I also see how silly former President Thabo Mbeki is seeming these days and I can’t help seeing some kind of vague similarity between him and “Die Groot Krokodil” – former apartheid President, PW Botha. When he, in his day, was kicked out by FW de Klerk and the new breed of Afrikaners (who were seen as crazy reformists in some circles) and the ANC, Communist Party and other Liberation movements were unbanned, Botha continued to breathe fire and brimstone, never seeing the wood, for a forest of trees.

And some whites, many whites, perhaps even the majority of whites today, are still breathing the same fire and brimstone. I hear them all the time, all around me. The other day I was in a meeting in a rural area way out of Cape Town. There were a total of five whites in a meeting of about 20 people. At lunch, being fairly early in the queue, I happened to sit at a table with no-one else at it at that point. I could not fail to notice that within a short while, all the other whites in the meeting had gathered at my table. And then it started…

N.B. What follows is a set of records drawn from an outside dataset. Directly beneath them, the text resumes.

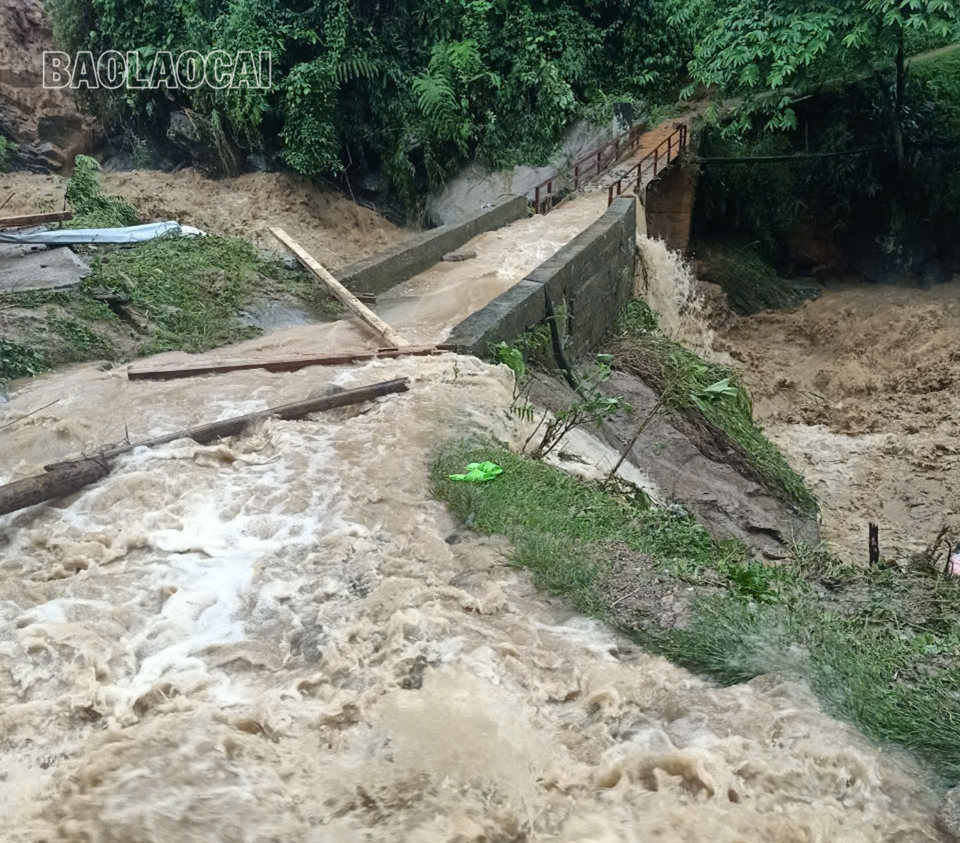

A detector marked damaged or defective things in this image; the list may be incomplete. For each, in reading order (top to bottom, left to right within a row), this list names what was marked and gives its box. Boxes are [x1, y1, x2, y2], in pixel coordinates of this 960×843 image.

rusty metal railing [532, 121, 644, 214]
rusty metal railing [604, 123, 688, 206]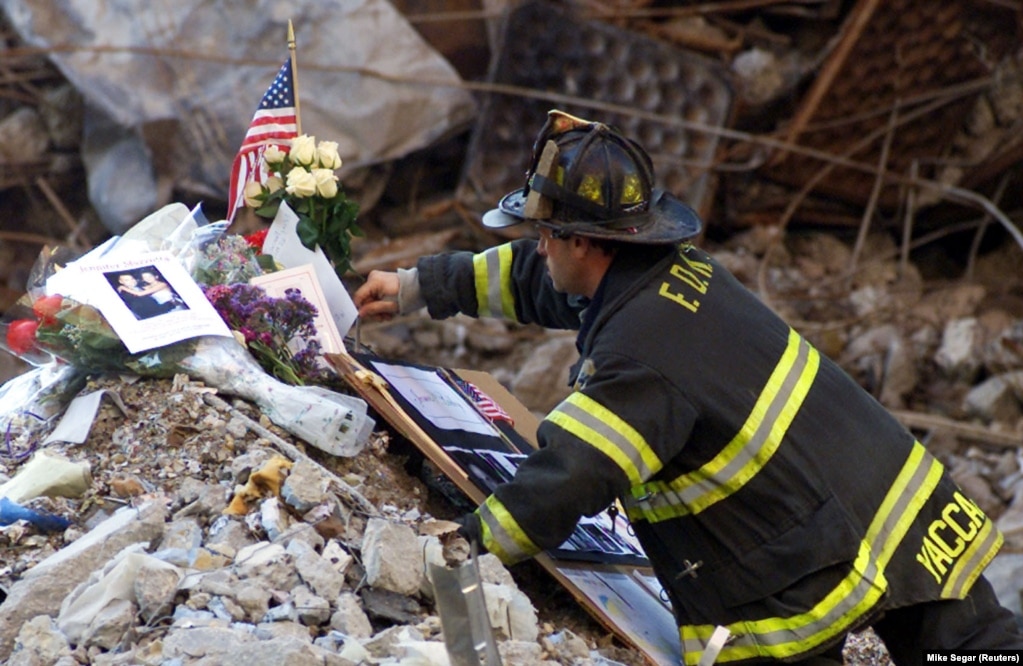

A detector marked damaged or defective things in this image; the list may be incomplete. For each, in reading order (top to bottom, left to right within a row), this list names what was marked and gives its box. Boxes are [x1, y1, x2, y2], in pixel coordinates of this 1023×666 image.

crumpled metal panel [458, 0, 736, 224]
crumpled metal panel [769, 0, 1006, 208]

They simply assumed that I was one of them and would therefore agree with their reactionary position on things in general. They spoke about “them” and they spoke about “us”. They lamented the passing of the old days. I chewed on my salad and said nothing. Not because I am shy. Not because I am slow in coming forward, but because I was totally gobsmacked!

These were four people I had never met before in my life. They work in significant, public interface related jobs. They deal with black people on a daily basis. But their minds are twisted and distorted and their understanding of South African reality is profoundly skewed. The world which they apparently live in is monochrome and diseased. And here is the tragedy – they have no idea that this is their reality!

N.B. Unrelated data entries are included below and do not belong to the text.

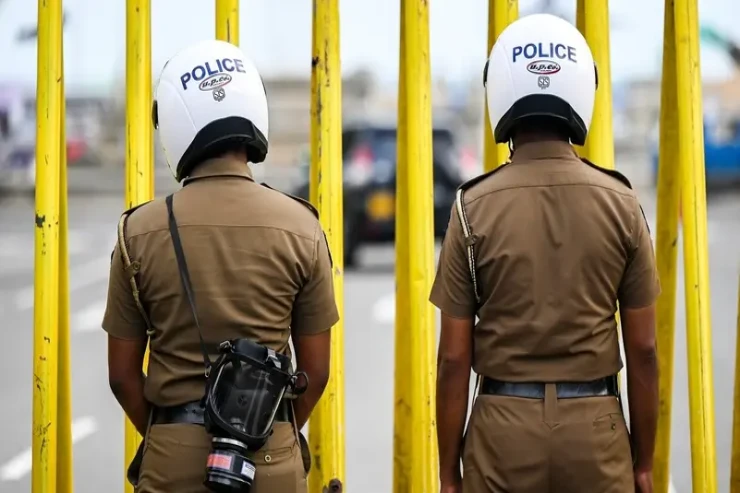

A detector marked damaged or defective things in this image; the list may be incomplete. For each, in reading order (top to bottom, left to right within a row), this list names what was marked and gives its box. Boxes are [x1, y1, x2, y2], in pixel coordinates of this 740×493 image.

rusty yellow post [32, 0, 64, 488]
rusty yellow post [123, 0, 154, 488]
rusty yellow post [215, 0, 238, 44]
rusty yellow post [306, 0, 346, 488]
rusty yellow post [394, 4, 410, 492]
rusty yellow post [394, 0, 440, 488]
rusty yellow post [482, 0, 516, 172]
rusty yellow post [652, 2, 684, 488]
rusty yellow post [676, 0, 716, 488]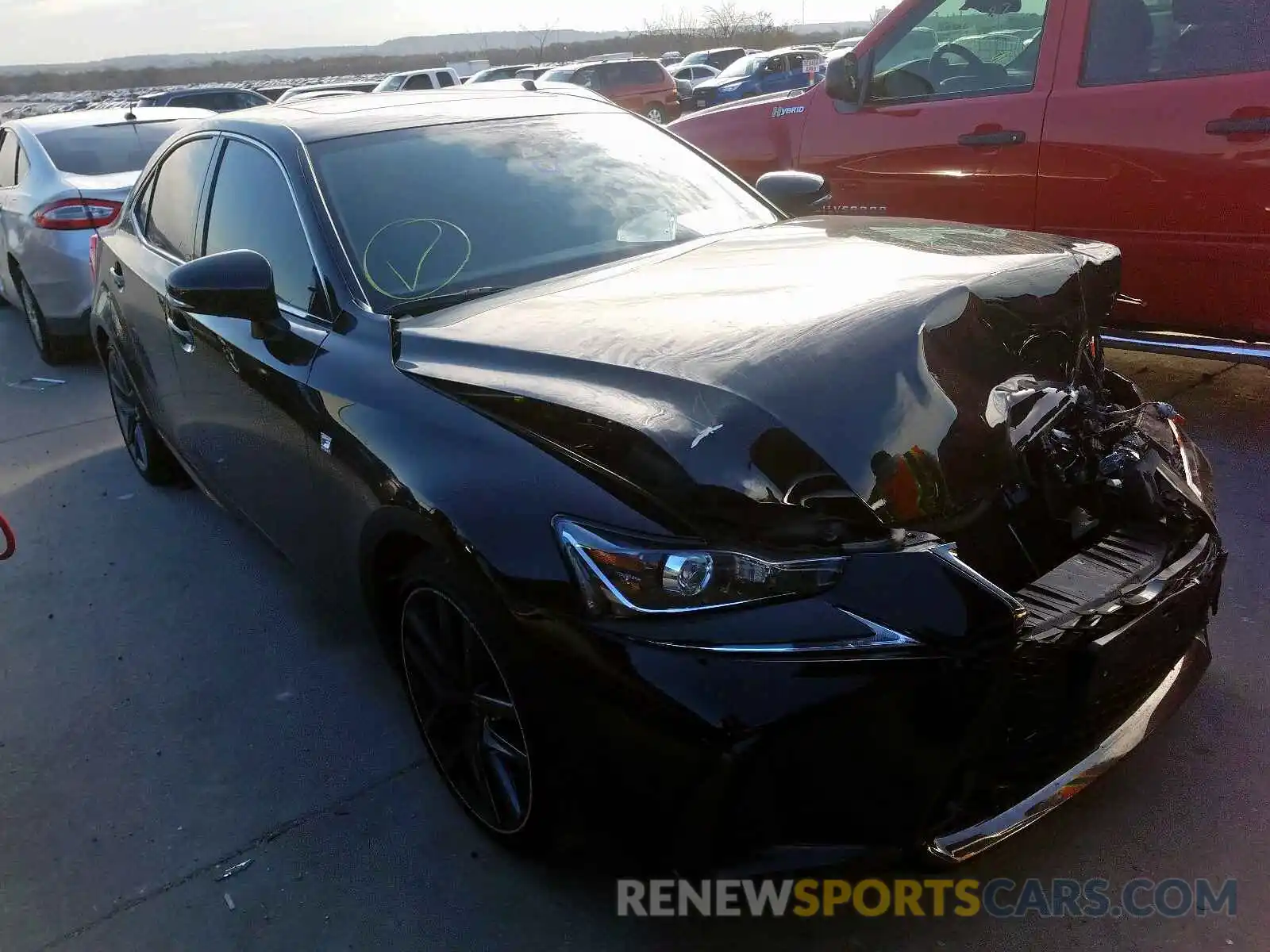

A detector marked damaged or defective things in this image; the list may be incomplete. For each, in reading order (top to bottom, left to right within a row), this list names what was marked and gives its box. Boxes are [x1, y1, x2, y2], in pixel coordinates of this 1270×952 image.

damaged black car [87, 86, 1219, 868]
crumpled hood [396, 218, 1122, 543]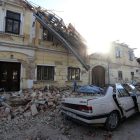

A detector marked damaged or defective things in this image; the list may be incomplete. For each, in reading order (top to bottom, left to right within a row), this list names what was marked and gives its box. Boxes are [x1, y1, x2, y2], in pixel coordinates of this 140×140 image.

damaged building [0, 0, 89, 91]
damaged building [89, 41, 140, 87]
crushed car [60, 83, 140, 130]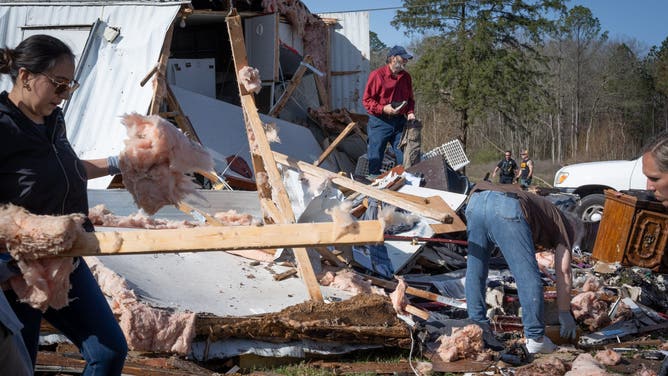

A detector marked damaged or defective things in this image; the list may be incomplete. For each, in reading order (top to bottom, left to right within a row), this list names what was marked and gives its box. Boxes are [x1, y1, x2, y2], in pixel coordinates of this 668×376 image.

splintered lumber [227, 8, 324, 302]
splintered lumber [314, 121, 358, 167]
splintered lumber [272, 151, 454, 225]
broken wooden board [272, 151, 454, 225]
splintered lumber [62, 220, 386, 258]
broken wooden board [64, 220, 386, 258]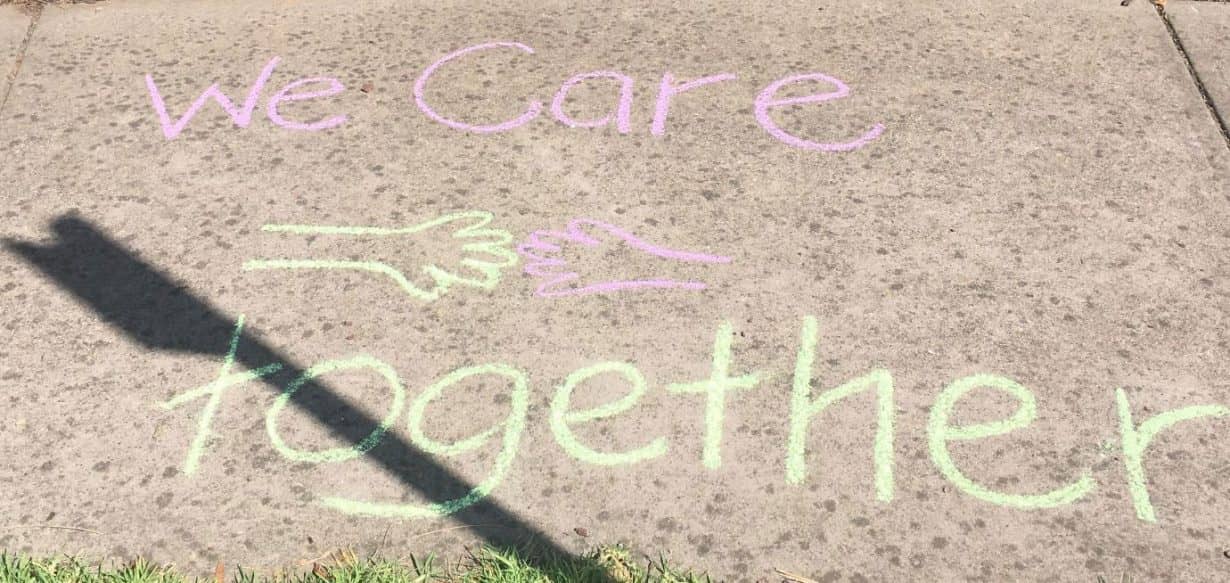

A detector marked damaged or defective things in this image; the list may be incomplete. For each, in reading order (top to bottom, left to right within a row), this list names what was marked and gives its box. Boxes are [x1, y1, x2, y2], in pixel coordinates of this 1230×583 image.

The tragedy is that they position themselves as liberals – as people who “never supported apartheid”. Now they are merely observers. Now they are the experts on democratic government. Now they are the victims of affirmative action. They chose to ignore, I could not fail to notice, the fact that three of them were actually employed in the state itself or para-statals!

It is this killing, whinging mindset which is so totally reprehensible. Crime is “their” responsibility – and “they” don’t have a clue how to solve it, because “they” are either criminals themselves, or stupid – or, of course, more probably both.

And what does this kind of attitude do (besides making the bearer into a bitter, twisted human being)? This is what I think. I think it infects everyone – the good and the bad, the criminal and the victim, black and white. It sets up a societal dynamic which corrodes and insinuates itself into every aspect of life. It is there in the shopping centre, the gym, the Church, the street, the airport. It feeds on itself. It grows fat and it spreads. It is insidious. It is contagious.

But here is the issue. It is not just a “white” thing. There is nothing genetically involved here. It can equally become a “black” thing. In the Western Cape, it is undoubtedly now a “coloured” thing.

I see yesterday in the press, the African National Congress in the Western Cape issued an apology to the Western Cape Province, for its previous fractious, inefficient and nepotistic government. It was a government which was fairly trounced at the polls, bringing the Democratic Alliance to power again.

I think the apology is well intended and it is a desperate attempt to salvage some level of credibility. But I do not think it will work. It is not the case, after all, that previous Democratic Alliance governments were wonderful. In fact, they were disastrous. But the ANC has managed to completely alienate vast swathes of the Western Cape population – a population which is already deeply conservative, racist and divided. What the ANC has managed to do is to compound fears, prejudices and racist beliefs. It has done so by ignoring people, by marginalising people, by arrogance and by greed. This is the consequence of its actions.

So, whatever good President Zuma may achieve - through openness, or accessibility or through tight controls on corruption – it won’t matter a damn in the Western Cape in my estimation, for a very long time to come. Because the party he belongs to seems to have forgotten the primary matter of race in the equation. Race isn’t an issue which can manage itself and in this country it isn’t going to just go away. And as long as there are some South Africans who feel more important than other South Africans, we have all the ingredients we need for a profoundly depressed and diseased society.